Sie haben auch recht in der Analyse, dass es auf den Mittelstand ankomme. Es freut uns, dass Sie das so sehen. Insofern haben Sie da natürlich auch einen Treffer gelandet. Natürlich werden wir sehen, wie wir den Mittelstand stärken können. Das Hauptproblem der Krise sind die nicht vorhandenen Kapitalmengen. Wir werden nicht heute mit Ihnen mal eben eine neue Bank aufmachen. Wir beide wissen, dass Banken eine Geschichte sind, wo man inzwischen drei- bis viermal überlegen muss, was man macht.

Aber wir werden dafür sorgen, dass die innovativen Hamburger Unternehmen, dass die Existenzgründer weiterhin über Kapital verfügen, damit sie ihre Ideen umsetzen können und eine neue Konjunktur entstehen kann. Dafür gibt es Mittel und Wege, ich nenne nur die Bürgschaften als bewährtes Prinzip.

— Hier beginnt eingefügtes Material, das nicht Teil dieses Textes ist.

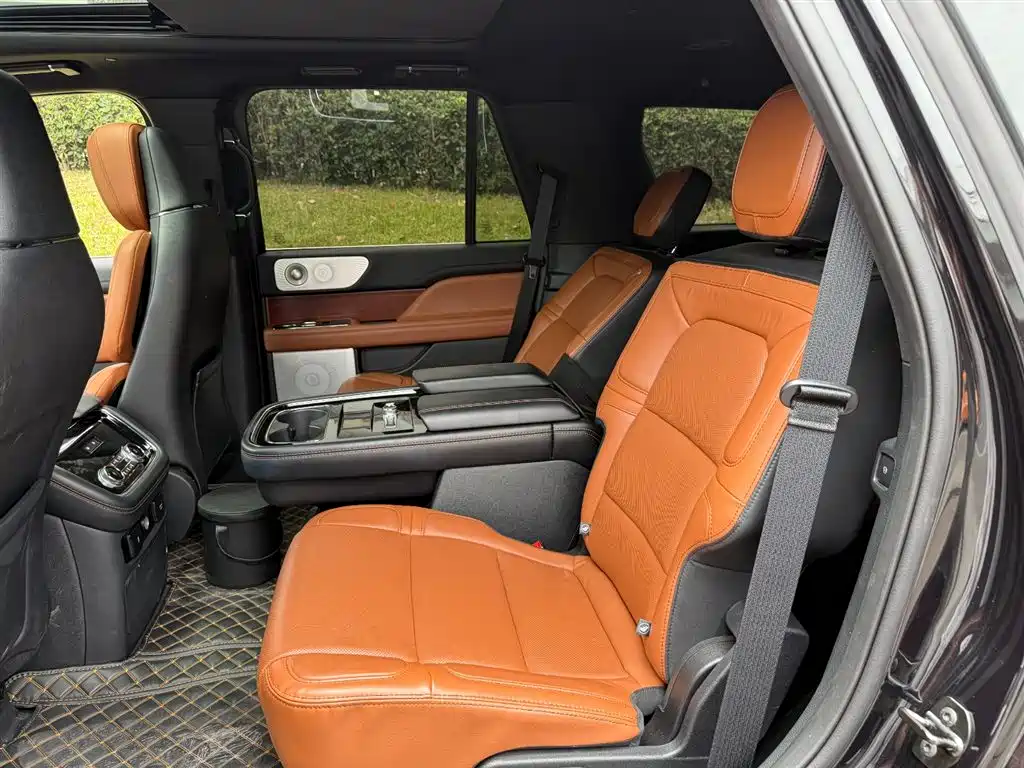 Lincoln Navigator 2021 — фото 10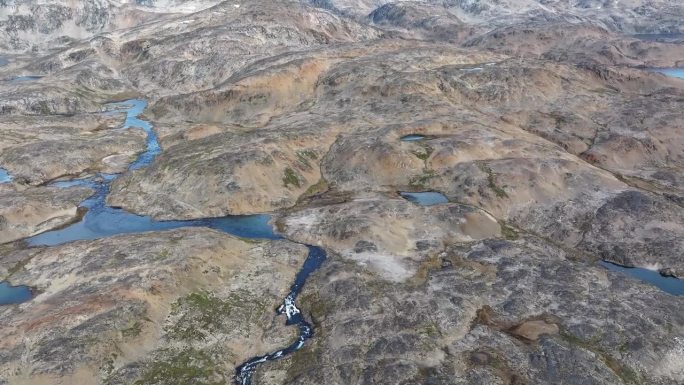 从空中俯瞰格陵兰岛山上的河流和湖泊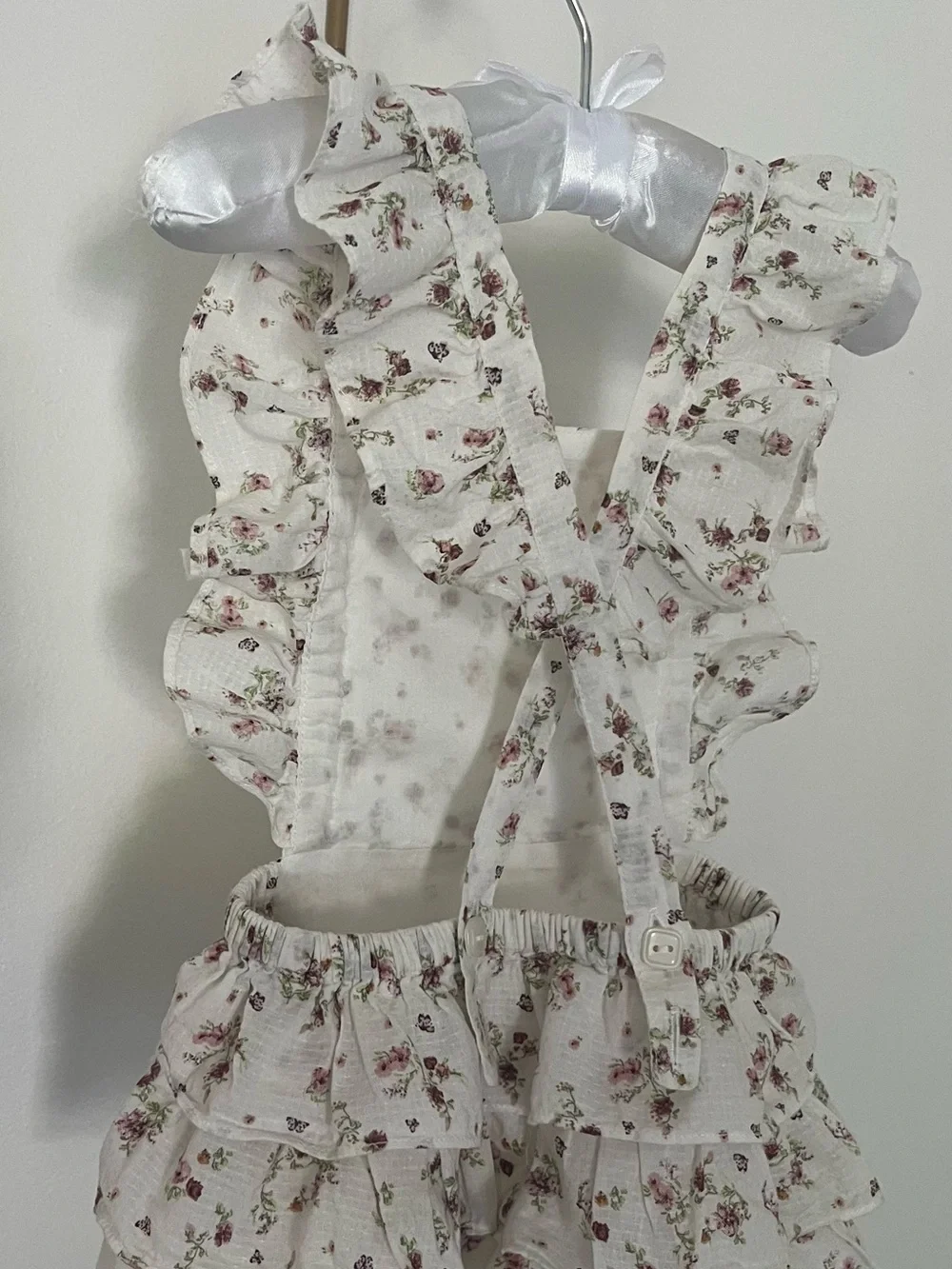 Jamie Kay White and pink floral ruffled bubble romper size 6-12 months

Wir werden das von Ihnen vorausgeahnte Programm des Senats – so ganz haben Sie es nicht getroffen, es ist etwas umfangreicher und auch etwas genauer und darauf kommt es an – im Ausschuss gemeinsam diskutieren und ich hoffe, dass Sie dann diesem Programm genauso in weiten Teilen zustimmen werden, wie ich Ihrer Rede auch in weiten Teilen folgen konnte. – Danke.